La plus grande problématique à l’heure actuelle est la quantité disponible par rapport à la quantité utilisée, notamment pendant l’été. Il est alors très important de se mettre en mode économie de l’eau potable. Il est vrai que toutes les propriétés possèdent un puits individuel, mais il est aussi vrai que toutes sont sur la même nappe phréatique ou même veine d’eau. Il y a donc une limite à capter l’eau, car souvent, la recharge est plus lente que ce qui est consommé.
Ces paragraphes soulèvent de profondes réflexions
Comment expliquer qu’à Sainte-Anne-des-Lacs, où se trouvent en abondance milieux humides, lacs et forêts, on en soit rendu à inciter les citoyens à économiser l’eau potable ? Depuis le début du siècle, la population de Sainte-Anne-des-Lacs a augmenté de 55 % environ. Alors qu’en 2001, on dénombrait 2500 citoyens dans 1095 habitations, la Municipalité en compte aujourd’hui plus de 3900… et ça va continuer. De plus, les Québécois sont de grands utilisateurs d’eau potable. Notre consommation serait passée de 400 litres par personne par jour en 2000 à 570 en 2015, une augmentation de 42 %.

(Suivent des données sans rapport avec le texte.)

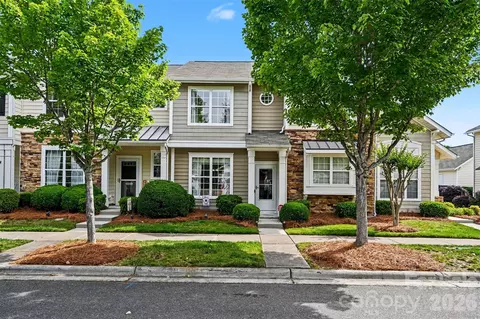1033 Woodglen Ln, Matthews, NC 28104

Ces deux observations – l’accroissement de 55 % des usagers, et la consommation individuelle augmentée de 42 % – pourraient conduire à une demande en eau souterraine excédant la capacité de recharge. Hypothèse vraisemblable à vérifier !

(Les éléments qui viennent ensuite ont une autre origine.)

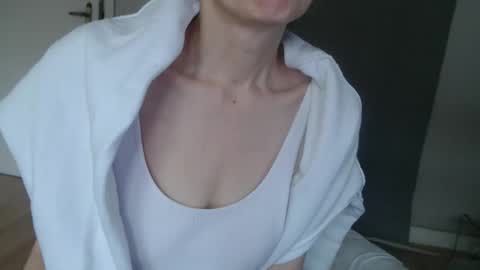 Snapshot of deessedivine chatting on 10.13.25 KamiDevi online show from 10.13.25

Par ailleurs, pour loger tout ce monde, la Municipalité aurait émis, depuis 20 ans, 625 permis de construction résidentielle, une augmentation de 57 %.
Les conséquences du déboisement
Mais toute construction en milieu forestier amène fatalement un déboisement qui atteint, dans la plupart des cas, de 30 à 40 % de la superficie des lots. L’impact est dévastateur puisque les aires ainsi déboisées, aménagées et construites deviennent imperméables, empêchant la percolation de l’eau vers la nappe phréatique.

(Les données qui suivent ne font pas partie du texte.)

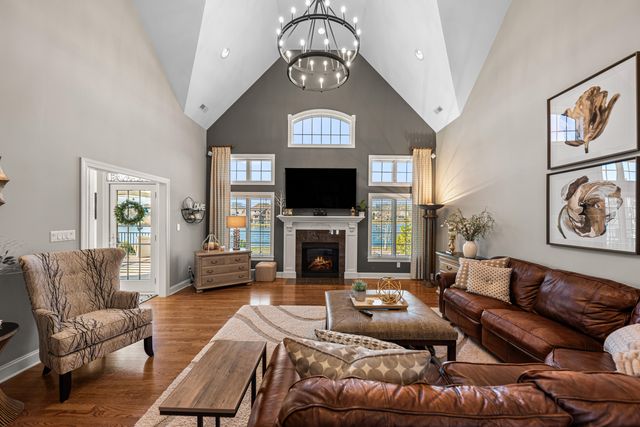 9020 Willow Lane, St. John, IN 46373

L’eau souterraine est un maillon essentiel dans le cycle hydrologique. Lorsque les précipitations tombent à la surface du sol, une certaine partie de l’eau s’infiltre et percole lentement pour atteindre et recharger la nappe phréatique. Le déboisement et l’étanchéisation des sols compromettent ce processus indispensable.
Une combinaison inquiétante
D’une part, l’augmentation de la population accroît la consommation d’eau. D’autre part, l’intensification de la construction a un impact négatif sur la capacité de recharge de la nappe phréatique. On semble se diriger vers une catastrophe.
Et maintenant, que faire pour régler ce problème ?
D’abord, prendre une pause dans la construction résidentielle pour éviter le pire, puis évaluer sans délai la capacité de recharge des eaux souterraines et enfin identifier, le cas échéant, des sources alternatives d’approvisionnement en eau de consommation.
Puisque la Municipalité est en partie responsable du problème, ne devrait-elle pas faire partie de la solution ? Il y a deux ans, le Comité sur la politique environnementale avait recommandé aux élus d’instaurer un moratoire sur la construction. Le Conseil n’avait pas jugé bon d’y donner suite.
Alors que la Municipalité demande aux citoyens d’économiser l’eau et de changer leur comportement, ne serait-il pas normal qu’elle-même en fasse autant ?
La Municipalité n’a-t-elle pas la responsabilité d’assurer les services essentiels, incluant la protection des réserves en eau potable ? Ne doit-elle pas informer les futurs citoyens du risque de pénurie et des consignes de restriction de la consommation d’eau ? C’est une question de sécurité sanitaire. Quel héritage laisserons-nous à nos enfants ?
Est-il trop tard ?
C’est aux élus municipaux d’y voir. Il est minuit moins une.